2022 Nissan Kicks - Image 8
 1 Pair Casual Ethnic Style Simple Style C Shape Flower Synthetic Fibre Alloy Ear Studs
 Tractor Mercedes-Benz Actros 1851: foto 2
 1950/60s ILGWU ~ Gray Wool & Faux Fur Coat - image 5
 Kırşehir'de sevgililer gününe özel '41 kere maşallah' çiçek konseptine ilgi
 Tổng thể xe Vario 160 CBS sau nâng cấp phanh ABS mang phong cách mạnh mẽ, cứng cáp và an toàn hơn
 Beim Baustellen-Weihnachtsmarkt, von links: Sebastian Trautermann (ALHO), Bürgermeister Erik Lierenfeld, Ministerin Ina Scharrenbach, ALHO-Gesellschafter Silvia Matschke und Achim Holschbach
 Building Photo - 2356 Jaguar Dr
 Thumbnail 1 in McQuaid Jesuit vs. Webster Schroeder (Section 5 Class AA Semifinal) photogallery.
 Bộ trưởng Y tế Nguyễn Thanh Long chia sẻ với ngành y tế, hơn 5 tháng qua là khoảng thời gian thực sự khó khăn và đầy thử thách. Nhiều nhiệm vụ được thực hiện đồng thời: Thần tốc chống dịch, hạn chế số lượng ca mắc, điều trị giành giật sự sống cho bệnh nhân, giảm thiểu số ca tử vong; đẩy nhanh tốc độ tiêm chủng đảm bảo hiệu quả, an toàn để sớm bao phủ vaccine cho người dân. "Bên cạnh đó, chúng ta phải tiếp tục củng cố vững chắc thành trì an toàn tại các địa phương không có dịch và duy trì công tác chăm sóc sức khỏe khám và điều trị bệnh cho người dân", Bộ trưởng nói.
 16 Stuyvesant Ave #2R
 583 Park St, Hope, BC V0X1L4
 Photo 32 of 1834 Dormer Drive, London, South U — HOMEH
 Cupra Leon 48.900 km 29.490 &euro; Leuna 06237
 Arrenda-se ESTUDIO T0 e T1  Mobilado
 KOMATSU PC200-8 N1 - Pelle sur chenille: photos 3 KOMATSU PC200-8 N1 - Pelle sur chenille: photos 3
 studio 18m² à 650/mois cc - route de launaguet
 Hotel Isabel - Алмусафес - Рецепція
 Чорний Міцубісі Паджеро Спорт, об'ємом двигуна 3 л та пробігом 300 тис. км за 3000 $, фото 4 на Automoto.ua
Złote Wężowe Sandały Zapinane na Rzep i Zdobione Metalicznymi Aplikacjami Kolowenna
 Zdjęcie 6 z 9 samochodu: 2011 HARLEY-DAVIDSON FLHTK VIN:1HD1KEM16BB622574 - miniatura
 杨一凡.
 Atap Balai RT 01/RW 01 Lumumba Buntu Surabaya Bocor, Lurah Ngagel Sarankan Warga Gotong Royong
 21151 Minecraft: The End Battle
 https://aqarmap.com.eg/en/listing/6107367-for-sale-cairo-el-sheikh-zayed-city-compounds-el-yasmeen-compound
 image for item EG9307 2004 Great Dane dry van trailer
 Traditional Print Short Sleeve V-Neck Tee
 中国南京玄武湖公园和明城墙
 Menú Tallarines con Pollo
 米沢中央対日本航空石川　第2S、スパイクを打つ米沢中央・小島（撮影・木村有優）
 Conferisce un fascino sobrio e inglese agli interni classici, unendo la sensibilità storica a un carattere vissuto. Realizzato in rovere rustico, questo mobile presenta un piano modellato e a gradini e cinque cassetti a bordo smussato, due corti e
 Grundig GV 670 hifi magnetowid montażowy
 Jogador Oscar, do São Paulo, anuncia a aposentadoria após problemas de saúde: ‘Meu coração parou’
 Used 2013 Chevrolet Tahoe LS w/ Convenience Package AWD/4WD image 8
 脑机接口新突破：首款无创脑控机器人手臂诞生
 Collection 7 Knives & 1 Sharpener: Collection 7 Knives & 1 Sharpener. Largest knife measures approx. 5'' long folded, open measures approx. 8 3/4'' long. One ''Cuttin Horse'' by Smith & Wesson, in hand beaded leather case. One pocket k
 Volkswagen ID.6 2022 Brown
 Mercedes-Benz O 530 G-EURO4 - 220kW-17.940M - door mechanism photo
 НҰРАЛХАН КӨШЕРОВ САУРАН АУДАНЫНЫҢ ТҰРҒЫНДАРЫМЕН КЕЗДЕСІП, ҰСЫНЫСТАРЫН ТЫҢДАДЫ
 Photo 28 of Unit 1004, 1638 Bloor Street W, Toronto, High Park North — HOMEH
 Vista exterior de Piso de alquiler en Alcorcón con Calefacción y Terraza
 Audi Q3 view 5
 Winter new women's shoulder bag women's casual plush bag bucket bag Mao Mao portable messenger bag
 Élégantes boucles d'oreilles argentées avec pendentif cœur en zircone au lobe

====================

*Exercise brief*
All that is needed is the opening run of the data, given again exactly: please include every line from the first through the line with "Thumbnail 1 in", both ends kept.

*Answer to this problem*
2022 Nissan Kicks - Image 8
 1 Pair Casual Ethnic Style Simple Style C Shape Flower Synthetic Fibre Alloy Ear Studs
 Tractor Mercedes-Benz Actros 1851: foto 2
 1950/60s ILGWU ~ Gray Wool & Faux Fur Coat - image 5
 Kırşehir'de sevgililer gününe özel '41 kere maşallah' çiçek konseptine ilgi
 Tổng thể xe Vario 160 CBS sau nâng cấp phanh ABS mang phong cách mạnh mẽ, cứng cáp và an toàn hơn
 Beim Baustellen-Weihnachtsmarkt, von links: Sebastian Trautermann (ALHO), Bürgermeister Erik Lierenfeld, Ministerin Ina Scharrenbach, ALHO-Gesellschafter Silvia Matschke und Achim Holschbach
 Building Photo - 2356 Jaguar Dr
 Thumbnail 1 in McQuaid Jesuit vs. Webster Schroeder (Section 5 Class AA Semifinal) photogallery.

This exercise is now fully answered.